» INFORMATION SUPPLIED:
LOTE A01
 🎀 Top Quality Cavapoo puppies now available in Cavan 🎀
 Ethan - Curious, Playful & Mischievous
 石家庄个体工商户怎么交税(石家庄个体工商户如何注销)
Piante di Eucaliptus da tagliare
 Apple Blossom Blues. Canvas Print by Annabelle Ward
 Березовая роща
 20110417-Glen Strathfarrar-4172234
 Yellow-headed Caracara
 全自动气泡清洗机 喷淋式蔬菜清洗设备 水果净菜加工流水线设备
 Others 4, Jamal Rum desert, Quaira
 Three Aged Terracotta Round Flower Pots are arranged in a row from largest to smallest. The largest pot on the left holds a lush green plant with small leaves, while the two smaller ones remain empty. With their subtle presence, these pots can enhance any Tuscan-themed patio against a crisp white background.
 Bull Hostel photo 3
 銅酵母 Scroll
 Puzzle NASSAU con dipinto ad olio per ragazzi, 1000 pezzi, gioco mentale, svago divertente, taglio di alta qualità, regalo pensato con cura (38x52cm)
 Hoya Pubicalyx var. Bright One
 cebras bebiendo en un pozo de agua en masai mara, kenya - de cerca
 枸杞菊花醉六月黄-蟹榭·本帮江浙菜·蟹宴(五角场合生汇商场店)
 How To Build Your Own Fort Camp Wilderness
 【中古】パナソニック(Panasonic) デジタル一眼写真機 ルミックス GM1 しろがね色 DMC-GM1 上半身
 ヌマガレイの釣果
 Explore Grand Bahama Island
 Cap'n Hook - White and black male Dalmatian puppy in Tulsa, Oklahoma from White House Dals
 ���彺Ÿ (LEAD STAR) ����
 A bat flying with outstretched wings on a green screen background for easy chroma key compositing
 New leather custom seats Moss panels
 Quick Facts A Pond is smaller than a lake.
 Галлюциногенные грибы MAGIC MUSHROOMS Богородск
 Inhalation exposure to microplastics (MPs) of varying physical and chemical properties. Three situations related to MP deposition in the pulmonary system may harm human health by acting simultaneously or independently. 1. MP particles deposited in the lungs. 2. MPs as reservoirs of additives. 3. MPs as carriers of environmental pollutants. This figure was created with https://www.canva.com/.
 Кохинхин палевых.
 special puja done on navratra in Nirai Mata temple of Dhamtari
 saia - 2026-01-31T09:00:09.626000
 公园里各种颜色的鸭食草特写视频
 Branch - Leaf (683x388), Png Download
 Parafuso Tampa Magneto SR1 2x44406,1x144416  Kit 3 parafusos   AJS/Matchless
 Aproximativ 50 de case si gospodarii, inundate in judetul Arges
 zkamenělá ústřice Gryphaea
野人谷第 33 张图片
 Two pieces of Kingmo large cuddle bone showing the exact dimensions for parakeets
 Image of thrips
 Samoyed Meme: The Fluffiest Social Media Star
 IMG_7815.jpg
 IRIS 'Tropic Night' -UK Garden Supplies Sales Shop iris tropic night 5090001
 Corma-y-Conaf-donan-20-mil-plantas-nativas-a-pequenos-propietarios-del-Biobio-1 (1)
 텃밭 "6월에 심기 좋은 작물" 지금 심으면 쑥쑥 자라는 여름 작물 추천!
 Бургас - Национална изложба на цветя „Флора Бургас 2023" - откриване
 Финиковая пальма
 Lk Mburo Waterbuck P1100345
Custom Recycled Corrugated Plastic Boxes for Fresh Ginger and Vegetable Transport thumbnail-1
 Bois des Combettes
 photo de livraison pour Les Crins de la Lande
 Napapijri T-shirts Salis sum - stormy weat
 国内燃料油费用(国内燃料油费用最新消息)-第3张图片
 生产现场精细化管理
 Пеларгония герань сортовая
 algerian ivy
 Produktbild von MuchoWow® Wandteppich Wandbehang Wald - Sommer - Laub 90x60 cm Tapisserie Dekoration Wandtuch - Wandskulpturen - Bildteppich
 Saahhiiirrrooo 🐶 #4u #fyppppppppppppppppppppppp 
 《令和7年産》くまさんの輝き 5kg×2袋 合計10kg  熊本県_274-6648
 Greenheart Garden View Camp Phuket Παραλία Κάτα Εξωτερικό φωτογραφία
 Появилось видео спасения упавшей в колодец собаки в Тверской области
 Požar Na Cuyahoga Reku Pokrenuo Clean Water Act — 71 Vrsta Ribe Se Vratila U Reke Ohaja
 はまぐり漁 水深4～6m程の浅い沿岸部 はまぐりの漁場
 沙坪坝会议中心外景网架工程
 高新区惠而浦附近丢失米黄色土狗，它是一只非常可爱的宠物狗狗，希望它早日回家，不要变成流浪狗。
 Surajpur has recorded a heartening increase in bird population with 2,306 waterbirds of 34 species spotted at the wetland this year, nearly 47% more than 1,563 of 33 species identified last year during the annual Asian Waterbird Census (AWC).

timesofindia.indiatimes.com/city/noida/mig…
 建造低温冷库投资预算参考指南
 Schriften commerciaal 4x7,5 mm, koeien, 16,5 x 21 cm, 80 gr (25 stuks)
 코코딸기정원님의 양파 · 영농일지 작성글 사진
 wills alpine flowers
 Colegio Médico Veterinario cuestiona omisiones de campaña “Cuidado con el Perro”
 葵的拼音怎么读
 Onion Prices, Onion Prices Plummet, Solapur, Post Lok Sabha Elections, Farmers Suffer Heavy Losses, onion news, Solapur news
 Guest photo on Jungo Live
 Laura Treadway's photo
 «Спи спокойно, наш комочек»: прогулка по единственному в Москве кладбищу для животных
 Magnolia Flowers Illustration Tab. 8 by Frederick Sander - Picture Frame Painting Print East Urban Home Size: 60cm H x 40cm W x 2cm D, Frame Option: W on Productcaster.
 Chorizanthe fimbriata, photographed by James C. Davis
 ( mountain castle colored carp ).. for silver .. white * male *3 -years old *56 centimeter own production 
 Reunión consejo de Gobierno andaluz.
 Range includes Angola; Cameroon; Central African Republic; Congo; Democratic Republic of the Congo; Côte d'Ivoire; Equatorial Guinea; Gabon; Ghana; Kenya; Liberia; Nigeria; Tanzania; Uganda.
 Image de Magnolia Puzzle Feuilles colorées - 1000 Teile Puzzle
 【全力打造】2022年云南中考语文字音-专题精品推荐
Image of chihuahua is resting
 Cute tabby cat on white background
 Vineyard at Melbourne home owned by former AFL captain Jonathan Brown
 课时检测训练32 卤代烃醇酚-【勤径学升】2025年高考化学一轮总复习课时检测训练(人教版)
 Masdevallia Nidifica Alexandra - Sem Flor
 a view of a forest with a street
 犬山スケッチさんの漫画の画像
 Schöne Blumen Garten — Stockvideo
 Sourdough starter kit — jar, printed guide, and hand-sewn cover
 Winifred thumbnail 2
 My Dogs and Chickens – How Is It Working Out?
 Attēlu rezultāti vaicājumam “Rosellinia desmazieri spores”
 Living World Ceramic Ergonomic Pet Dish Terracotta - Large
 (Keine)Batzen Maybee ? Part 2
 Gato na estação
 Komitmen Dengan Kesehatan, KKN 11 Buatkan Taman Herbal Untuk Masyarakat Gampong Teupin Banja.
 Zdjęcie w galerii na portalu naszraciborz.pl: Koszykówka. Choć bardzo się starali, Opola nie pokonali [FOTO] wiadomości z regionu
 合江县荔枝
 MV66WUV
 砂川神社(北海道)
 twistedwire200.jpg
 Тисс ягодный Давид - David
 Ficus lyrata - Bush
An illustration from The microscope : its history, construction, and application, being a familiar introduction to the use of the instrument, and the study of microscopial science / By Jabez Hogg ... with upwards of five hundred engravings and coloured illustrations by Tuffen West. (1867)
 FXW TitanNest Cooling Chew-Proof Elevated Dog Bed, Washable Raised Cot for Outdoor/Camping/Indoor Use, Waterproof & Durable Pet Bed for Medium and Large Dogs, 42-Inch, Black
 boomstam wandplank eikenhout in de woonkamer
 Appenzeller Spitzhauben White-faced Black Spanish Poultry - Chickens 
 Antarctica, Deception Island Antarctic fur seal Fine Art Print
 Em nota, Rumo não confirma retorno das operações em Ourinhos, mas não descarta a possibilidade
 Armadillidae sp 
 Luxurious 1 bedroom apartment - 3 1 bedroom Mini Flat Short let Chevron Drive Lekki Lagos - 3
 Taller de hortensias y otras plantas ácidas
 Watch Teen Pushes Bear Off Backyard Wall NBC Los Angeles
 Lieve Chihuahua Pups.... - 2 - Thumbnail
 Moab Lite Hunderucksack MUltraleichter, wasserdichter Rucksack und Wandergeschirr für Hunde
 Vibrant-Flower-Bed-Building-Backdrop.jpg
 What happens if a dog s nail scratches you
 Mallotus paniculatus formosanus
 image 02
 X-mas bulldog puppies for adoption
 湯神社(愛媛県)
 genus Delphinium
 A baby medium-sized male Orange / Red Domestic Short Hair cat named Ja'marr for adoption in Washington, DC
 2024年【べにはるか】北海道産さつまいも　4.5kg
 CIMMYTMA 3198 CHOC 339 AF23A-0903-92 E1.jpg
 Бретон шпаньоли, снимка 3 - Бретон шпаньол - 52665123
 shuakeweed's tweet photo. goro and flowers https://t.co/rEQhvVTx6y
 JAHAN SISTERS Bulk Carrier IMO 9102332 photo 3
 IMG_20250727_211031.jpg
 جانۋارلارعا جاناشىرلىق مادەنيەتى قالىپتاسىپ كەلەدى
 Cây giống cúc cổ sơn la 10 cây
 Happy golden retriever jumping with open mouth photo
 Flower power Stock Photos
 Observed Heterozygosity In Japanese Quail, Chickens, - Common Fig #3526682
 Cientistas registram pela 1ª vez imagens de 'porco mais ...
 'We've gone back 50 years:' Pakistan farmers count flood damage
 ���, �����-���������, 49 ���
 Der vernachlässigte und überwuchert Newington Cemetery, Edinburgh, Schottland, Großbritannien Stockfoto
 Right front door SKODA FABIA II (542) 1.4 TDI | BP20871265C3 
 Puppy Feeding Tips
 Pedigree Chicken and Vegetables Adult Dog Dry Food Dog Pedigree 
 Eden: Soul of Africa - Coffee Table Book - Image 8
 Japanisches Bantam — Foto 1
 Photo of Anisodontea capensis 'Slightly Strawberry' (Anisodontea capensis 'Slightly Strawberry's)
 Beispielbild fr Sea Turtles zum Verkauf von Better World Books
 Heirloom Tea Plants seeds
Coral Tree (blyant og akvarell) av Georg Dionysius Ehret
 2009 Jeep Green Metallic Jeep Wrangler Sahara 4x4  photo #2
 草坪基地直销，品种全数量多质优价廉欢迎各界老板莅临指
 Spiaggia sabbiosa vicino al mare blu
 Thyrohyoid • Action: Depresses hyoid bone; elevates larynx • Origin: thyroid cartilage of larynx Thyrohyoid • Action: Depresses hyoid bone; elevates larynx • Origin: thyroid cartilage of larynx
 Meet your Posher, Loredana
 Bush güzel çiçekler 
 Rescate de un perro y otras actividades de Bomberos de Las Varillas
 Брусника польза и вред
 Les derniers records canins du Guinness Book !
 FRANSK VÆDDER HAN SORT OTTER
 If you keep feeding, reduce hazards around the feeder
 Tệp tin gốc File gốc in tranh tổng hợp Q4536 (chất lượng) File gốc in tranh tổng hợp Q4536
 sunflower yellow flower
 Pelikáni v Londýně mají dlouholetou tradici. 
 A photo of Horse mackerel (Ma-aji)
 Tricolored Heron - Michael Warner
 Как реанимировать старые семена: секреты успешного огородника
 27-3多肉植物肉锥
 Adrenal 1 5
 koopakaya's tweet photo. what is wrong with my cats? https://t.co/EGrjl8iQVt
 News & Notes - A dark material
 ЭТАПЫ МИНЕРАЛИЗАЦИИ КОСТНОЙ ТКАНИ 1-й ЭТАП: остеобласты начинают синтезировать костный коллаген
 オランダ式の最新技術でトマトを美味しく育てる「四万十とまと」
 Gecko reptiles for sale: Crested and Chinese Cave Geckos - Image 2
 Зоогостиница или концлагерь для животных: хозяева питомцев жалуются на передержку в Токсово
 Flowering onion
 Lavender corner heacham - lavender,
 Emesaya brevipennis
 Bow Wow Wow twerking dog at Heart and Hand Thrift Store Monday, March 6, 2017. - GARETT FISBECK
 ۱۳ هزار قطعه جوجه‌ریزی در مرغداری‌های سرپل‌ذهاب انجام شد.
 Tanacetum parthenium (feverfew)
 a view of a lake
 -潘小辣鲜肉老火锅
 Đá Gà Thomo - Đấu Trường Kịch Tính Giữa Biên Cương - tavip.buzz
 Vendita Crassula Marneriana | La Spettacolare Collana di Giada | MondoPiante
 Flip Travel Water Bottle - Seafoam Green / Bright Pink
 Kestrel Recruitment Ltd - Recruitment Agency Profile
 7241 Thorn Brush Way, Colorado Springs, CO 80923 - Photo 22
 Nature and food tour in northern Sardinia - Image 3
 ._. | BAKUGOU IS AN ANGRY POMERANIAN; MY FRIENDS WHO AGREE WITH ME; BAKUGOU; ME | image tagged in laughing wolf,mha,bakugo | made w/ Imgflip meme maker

» TASK REQUIREMENTS: Look above for the line holding "Photo of Anisodontea", then set down exactly that line and every line after it up to and including the line holding "Bush güzel çiçekler", with nothing else.

» ANSWER TO THIS TASK:
 Photo of Anisodontea capensis 'Slightly Strawberry' (Anisodontea capensis 'Slightly Strawberry's)
 Beispielbild fr Sea Turtles zum Verkauf von Better World Books
 Heirloom Tea Plants seeds
Coral Tree (blyant og akvarell) av Georg Dionysius Ehret
 2009 Jeep Green Metallic Jeep Wrangler Sahara 4x4  photo #2
 草坪基地直销，品种全数量多质优价廉欢迎各界老板莅临指
 Spiaggia sabbiosa vicino al mare blu
 Thyrohyoid • Action: Depresses hyoid bone; elevates larynx • Origin: thyroid cartilage of larynx Thyrohyoid • Action: Depresses hyoid bone; elevates larynx • Origin: thyroid cartilage of larynx
 Meet your Posher, Loredana
 Bush güzel çiçekler 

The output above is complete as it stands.